Graham Parker una volta che il polverone punk si dileguò riuscì a trovare una voce più personale, come testimoniò l'ottimo Squeezing Out Sparks (Arista, 1979), il suo capolavoro, segnato da una incontenibile rabbia esistenziale. Da ricordare su tutte il sound di Local Girls diretto, duro, cinico e incalzante, un rock pieno e maturo, suonato da un complesso solido come la Band, e cantato con un tono incisivo che, abbandonato il sarcasmo adolescenziale, si rivela come ibrido del soul sanguigno di Van Morrison, del folk arrabbiato di Dylan, del country introverso di Neil Young e della veemenza proletaria di Springsteen.

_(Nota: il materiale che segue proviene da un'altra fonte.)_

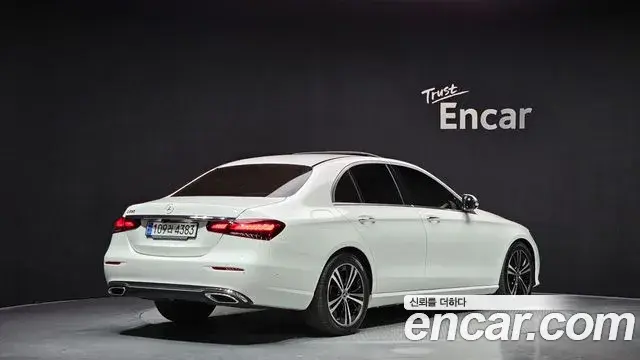 Mercedes-Benz E-Class 2020 — Фото 2/20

Negli anni '80 Graham Parker rimane un po' in sordina, e tornando in orbita indipendente (almeno in patria), l'artista inglese riscopre la sua vera natura e sorprende con un grande album, da lui stesso prodotto insieme all'immancabile Schwartz, questo The Mona Lisa Sister. Rinfrescanti sonorità elettro-acustiche, musicisti perfettamente in ruolo (ci sono il bassista Andrew Bodnar, un altro ex Rumour, e il batterista degli Attractions Pete Thomas), equilibrio perfetto tra grinta e introspezione lirica, ritmo e melodia: partenza a spron battuto con la vigorosa ballata Don't Let It Break You Down e l'incalzante Under The Mask Of Happiness, mentre il singolo Get Started, Start A Fire aggiunge squadrate battute funkeggianti e The Girl Isn't Ready recupera le ondulazioni pigre del reggae. Back In Time e OK Hieronymus sfoggiano l'energia dei tempi antichi, Blue Highways ha un delizioso sapore folk, mentre il soul torna di prepotenza con I'm Just Your Man e la bella cover di Cupid di Sam Cooke: quasi un viatico a Success, agrodolce ballata sulle trappole della gloria effimera dove tutto è impeccabile.
Il miglior disco di Parker, con Howlin' Wind e Squeezing Out Sparks. La ristampa 1999 su Buddha include un brano in più, il pop rock Ordinary Girl.